Из главы “Большой дом” (1956—1957), едва ли не самой захватывающей в книге, — мы узнаем, что эти годы отмечены были напряженной политической активностью автора. Именно тогда вместе с друзьями, среди которых были ставшие известными люди: Виктор Шейнис (верный друг со школьных лет и по сей день, которому в книге посвящено немало прочувствованных страниц), Револьт Пименов (математик, мужественный диссидент, радикал, замечательный эрудит, чей портрет написан строго, без прикрас, без пиетета, но, пожалуй, скупо) — они замышляли (разумеется, нелегально) распространение закрытого доклада Хрущева о Сталине и материалов о венгерских событиях. Вот тут-то и сработала (похоже, бессмертная) машина КГБ — одних взяли сразу, других начали прямо с работы таскать на допросы… Драматическое описание самого первого допроса, завершившегося доставкой в Большой дом отца Кудровой, — из самых запоминающихся в книге.

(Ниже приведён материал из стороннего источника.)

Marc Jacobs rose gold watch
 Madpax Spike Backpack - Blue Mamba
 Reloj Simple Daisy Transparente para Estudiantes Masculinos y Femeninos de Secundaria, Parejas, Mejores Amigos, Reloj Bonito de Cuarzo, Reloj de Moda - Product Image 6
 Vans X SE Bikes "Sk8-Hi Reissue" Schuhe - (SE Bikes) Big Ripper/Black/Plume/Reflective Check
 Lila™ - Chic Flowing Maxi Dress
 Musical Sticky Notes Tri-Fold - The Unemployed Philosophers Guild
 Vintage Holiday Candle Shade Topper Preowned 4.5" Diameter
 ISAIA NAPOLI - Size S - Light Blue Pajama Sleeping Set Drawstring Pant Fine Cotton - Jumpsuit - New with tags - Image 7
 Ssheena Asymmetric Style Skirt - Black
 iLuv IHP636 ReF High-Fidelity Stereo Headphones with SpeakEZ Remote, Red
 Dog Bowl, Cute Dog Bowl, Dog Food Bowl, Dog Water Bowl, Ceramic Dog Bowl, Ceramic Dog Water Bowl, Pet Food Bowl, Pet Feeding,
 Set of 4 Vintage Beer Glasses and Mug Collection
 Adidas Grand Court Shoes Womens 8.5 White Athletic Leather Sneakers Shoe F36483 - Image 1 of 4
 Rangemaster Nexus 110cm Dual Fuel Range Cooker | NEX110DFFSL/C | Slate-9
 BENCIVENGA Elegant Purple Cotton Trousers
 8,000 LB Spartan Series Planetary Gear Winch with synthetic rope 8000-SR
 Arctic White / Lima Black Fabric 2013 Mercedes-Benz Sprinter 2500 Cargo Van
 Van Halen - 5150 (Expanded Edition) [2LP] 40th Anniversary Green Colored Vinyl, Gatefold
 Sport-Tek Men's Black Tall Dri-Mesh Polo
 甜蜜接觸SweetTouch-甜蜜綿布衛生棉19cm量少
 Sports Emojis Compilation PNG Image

Так или иначе, но в 1957-м “революционная” деятельность автора сворачивается. Последующие годы она растила дочь, проводила экскурсии в музее Пушкинского дома, и при этом совершалась та серьезная внутренняя работа, которая позволила ей найти свою дорогу и реализовать заложенные возможности.
В 1964—1977 годы, уйдя из Пушкинского дома, Ирма Кудрова работала редактором отдела прозы в ленинградской “Звезде”. Это литературная среда, не слишком большие возможности влиять на содержание номеров, но иногда интересная работа с авторами (среди них встречались и приличные имена — будь то Каверин, Герман, Володин, Конецкий или еще никому не известный Довлатов…) и радости первых публикаций. После пушкинодомской тоски это все-таки работа, имеющая результат, живая жизнь. Именно в эти годы началось бурное “цветаевское” погружение, ставшее делом жизни; иногда же удавалось уже и в те годы публиковать кое-что значительное: так, стараниями Кудровой в “Звезде” появились казалось бы цензурно непроходимые воспоминания дочери поэта — Ариадны Эфрон.
Не пересказывая содержания книги, отмечу все-таки, что тема “прощания” с мороком сталинского и сильно ослабленных послесталинских режимов никак не исчерпывает книги. Значительная часть ее — рассказы о прекрасных людях, с которыми свела жизнь; эти рассказы написаны из чувства признательности судьбе за такие жизненные удачи (как не упомянуть тут имена Д. Дара и Э. Линецкой, Г. Померанца, М. Балцвиника…). Уже после завершающего книгу “заключения” (написанного в 2012 году) книга неожиданно продолжена исполненными душевной нежности портретами (Виктор Конецкий, переводчица Александра Андрес, Ефим Эткинд и Лидия Либединская).
Ну а пятый портрет — “Анджей (из другой тетради)” (его герой скрыт за псевдонимом) — написан с такой художественной свободой, с такой точностью передачи тончайших нюансов взаимоотношений, что появляется надежда на продолжение этой книги на новом дыхании.